━━━━━ Entries supplied ━━━━━

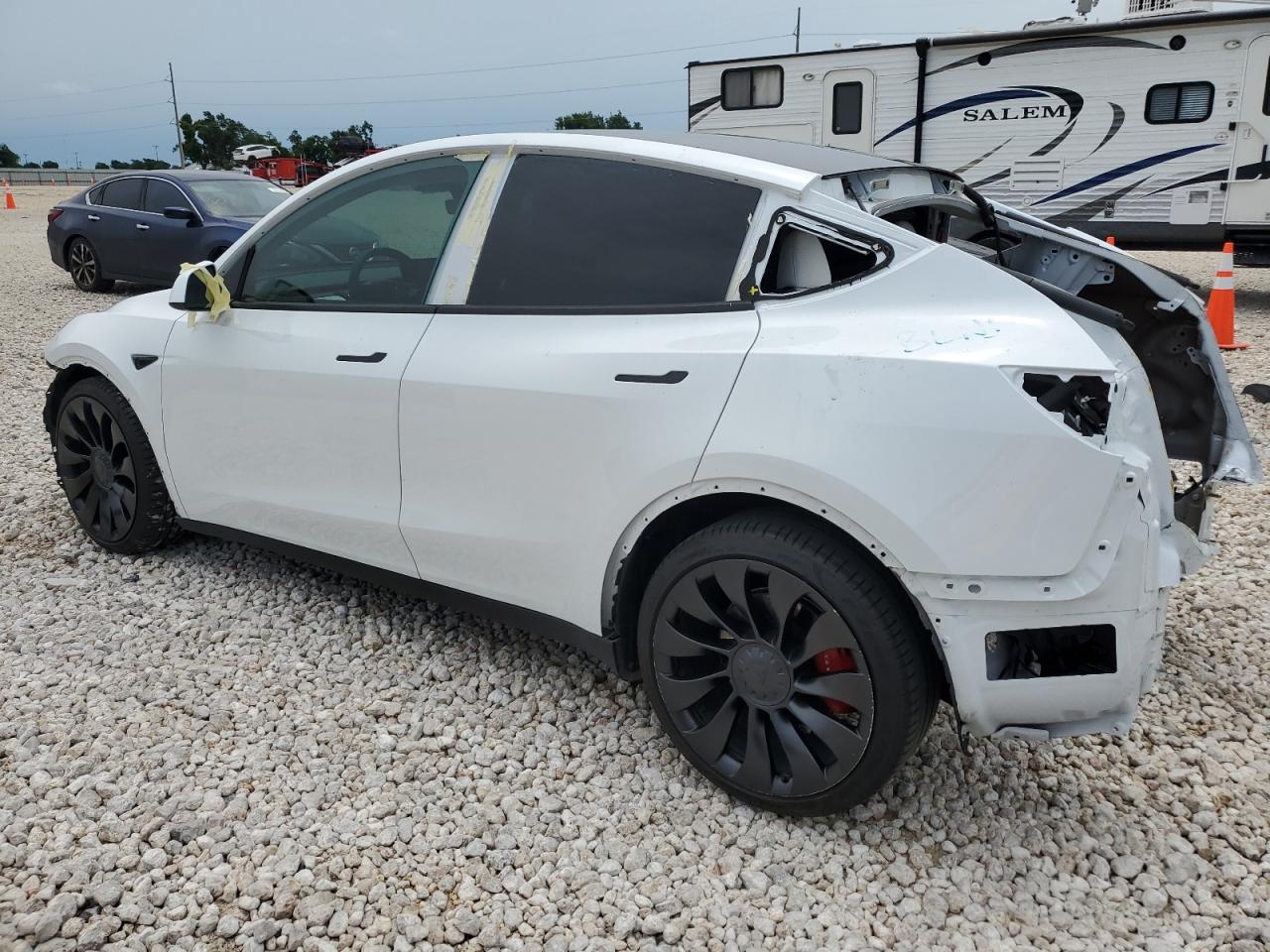 2022 TESLA MODEL Y  VIN:7SAYGDEF8NF389484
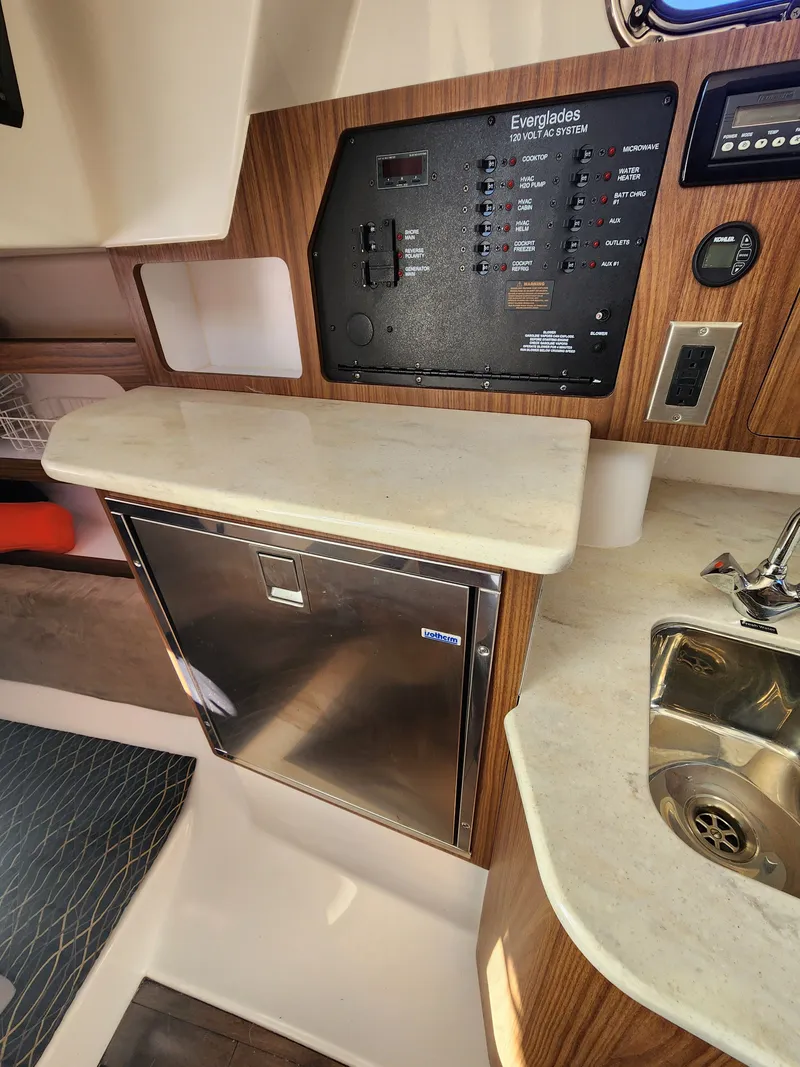 Slide: The Image of 2016 EVERGLADES 320 EX - Image 28 - 28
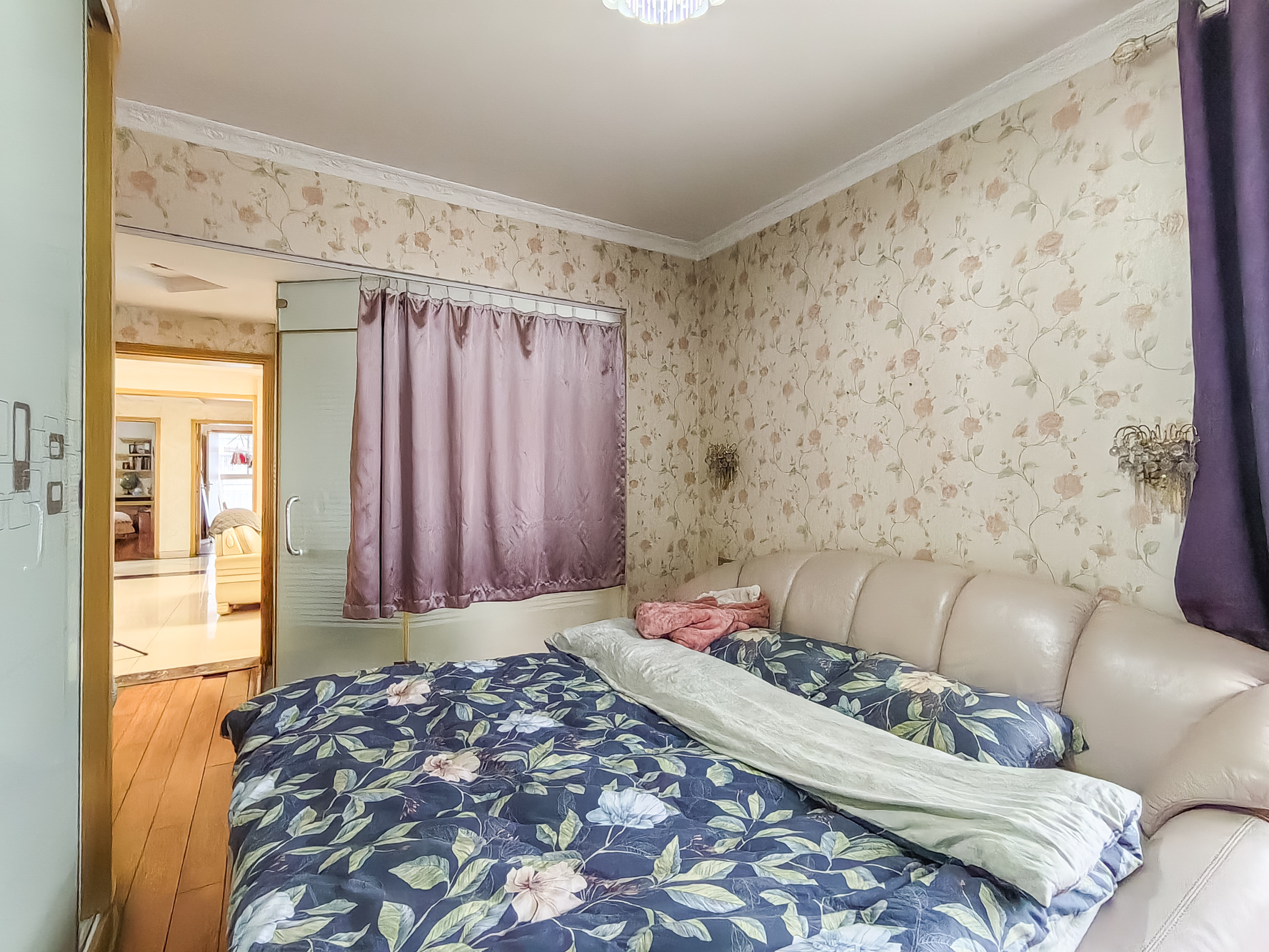 紫晶城 3室2厅2卫 62.8万 紫晶城 3室2厅2卫 62.8万卧室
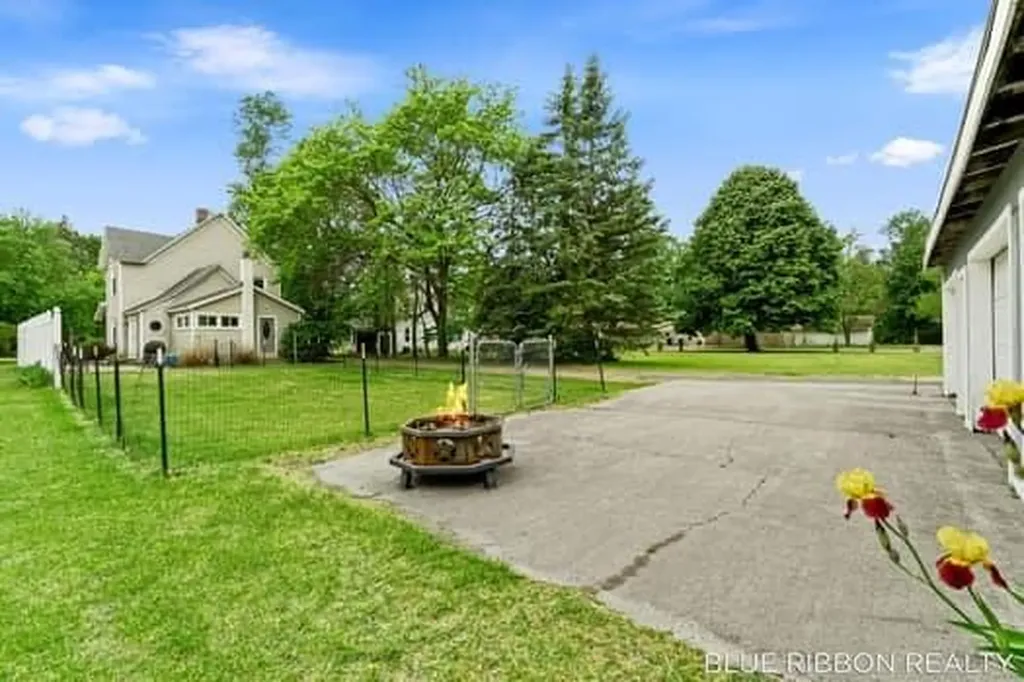130 W Cherry Street Wayland City MI 49348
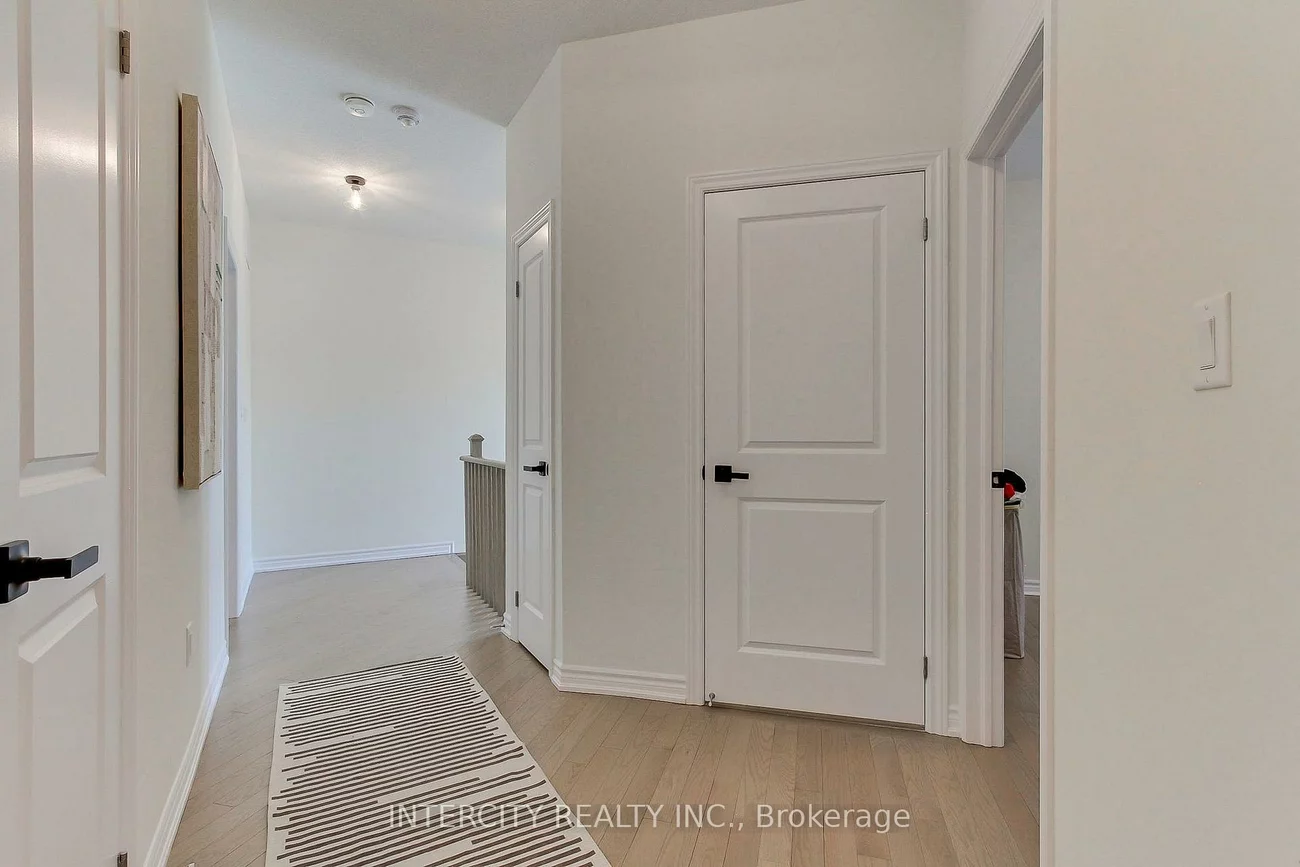 130, Blick, Bayview Northeast, Aurora
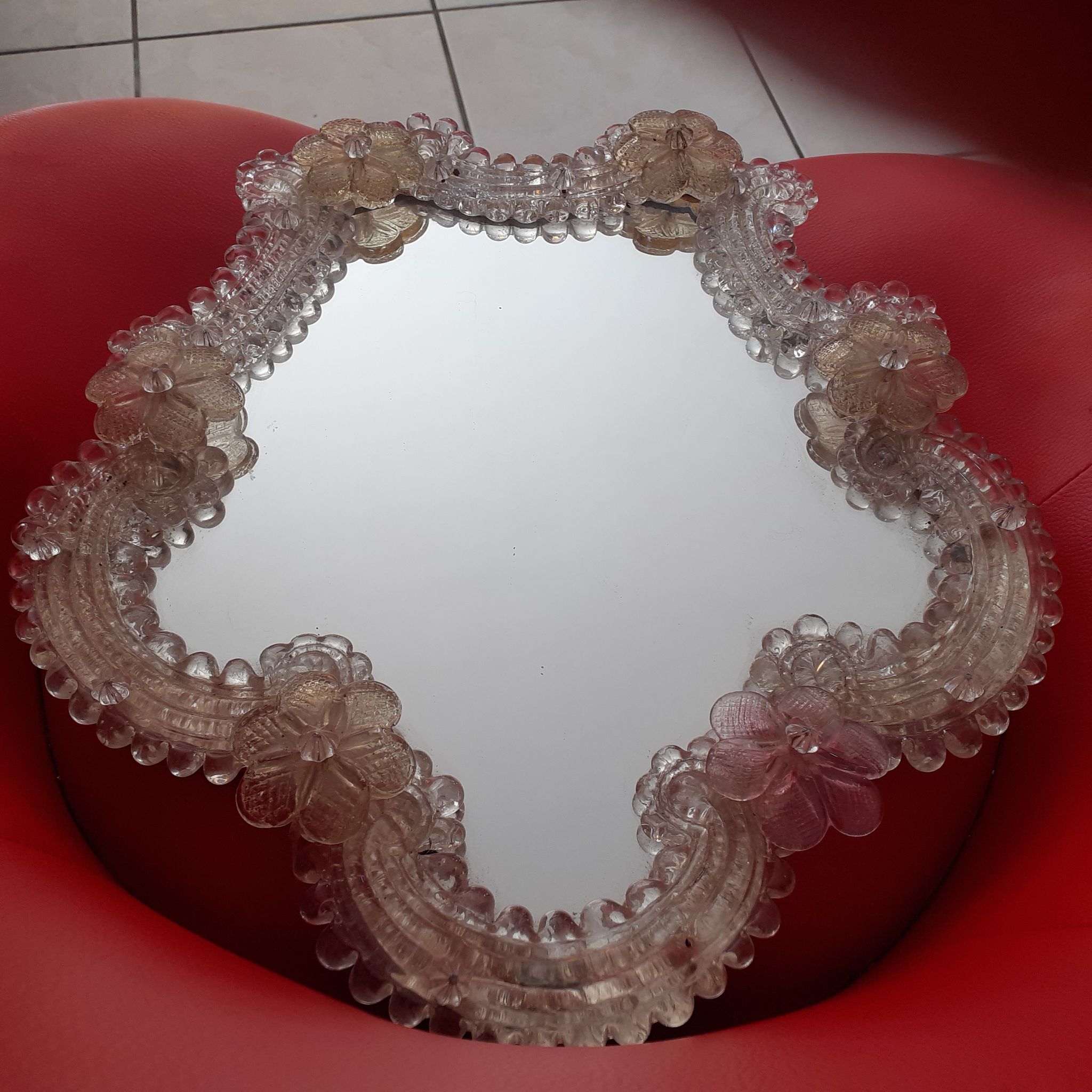 Venetian oval mirror with its flowers. To put or hang. Years 50.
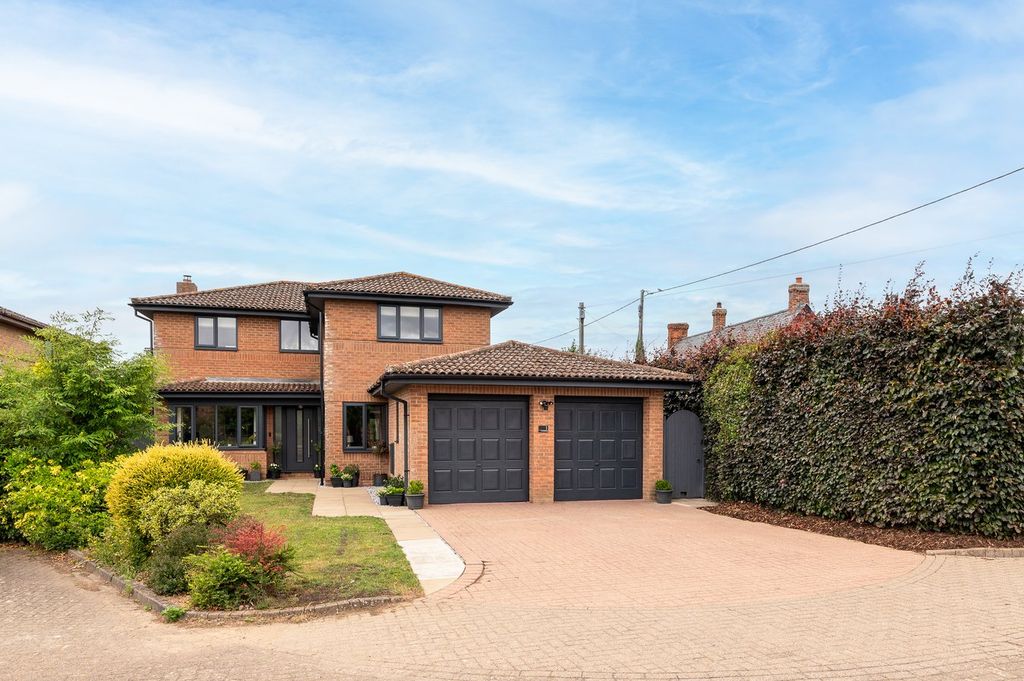 Property photo 1 of 33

━━━━━

__Exercise objective__
Transcribe all of the lines above exactly as given. The pictures stay out.

__Written solution__
 2022 TESLA MODEL Y  VIN:7SAYGDEF8NF389484
 Slide: The Image of 2016 EVERGLADES 320 EX - Image 28 - 28
 紫晶城 3室2厅2卫 62.8万 紫晶城 3室2厅2卫 62.8万卧室
130 W Cherry Street Wayland City MI 49348
 130, Blick, Bayview Northeast, Aurora
 Venetian oval mirror with its flowers. To put or hang. Years 50.
 Property photo 1 of 33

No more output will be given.